For the longest time, I perceived humility and unimportance as one and the same; I felt being insignificant and invisible was virtuous. What were actually fears of failing or being humiliated I labelled as sacrificial modesty in a world that craved for attention. This state of mind and self-image became a second skin to me. I grew comfortable in the discomfort of being consumed by emotions and settled into my paranoia. I was drawn by the seduction of inadequacy, of belittling myself, of never feeling enough.
It was in this cavity that I met Jesus and it was here that He introduced me to who I really was- to who He had designed me to be.
Oh, how He changed my world. Within His permissive will, I experienced something that exposed me to everything I ever feared, but through it He simply showed me that I had nothing to fear because I was His.
It started with my skin breaking out in cystic acne that covered my entire face. I couldn’t bear looking at myself or being seen by anyone else. I wanted nothing more than to be invisible and unnoticed in any room I was in, but the wounds and marks on my face only made me feel more seen, more exposed and constantly stared at. Having struggled with body-image throughout my teenage years, I was dreading the depression, the well-meaning comments and questions that I knew were coming.
Every night I wept at His feet and begged Him to heal me, and every morning I rushed to the mirror in absolute belief that I had been healed, and broke down when I realised the miracle I desired hadn’t happened, and that it had only worsened.
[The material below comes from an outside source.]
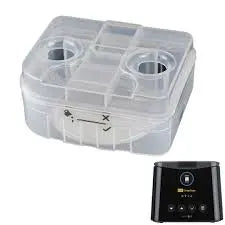 Fisher & Paykel SleepStyle Water reservoir cpap water reservoir SelfiMed UK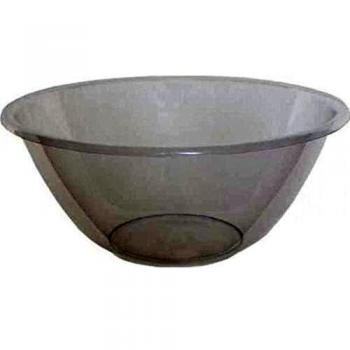 Whitefurze 25.5Cm Mixing Bowl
Then came the rage. I demanded angrily why the ‘healer’ refused to heal me, I protested, argued and fought with the Lord. This was when an ego I never knew I possessed was revealed within me. I felt my life of unimportance ‘deserved’ a miracle. I felt ‘entitled’ to a healing. I felt wronged and undeservingly punished in spite of leading a life of- what I had called ‘humility’.
Nevertheless, whether in anger, sadness or absolute desperation, I found myself returning to His feet every morning. And slowly, but surely, He drew me closer. After months and months of clamouring and crying it was evident that my skin-deep wounds had met an oceans-deep Saviour. As an act of faith, I began to journal and write down the promises He made me during this time, believing that at the end of it, I would have the story of my miracle. Today, while writing this, I do possess a miracle-story, but it is far from what I had imagined or envisioned for myself.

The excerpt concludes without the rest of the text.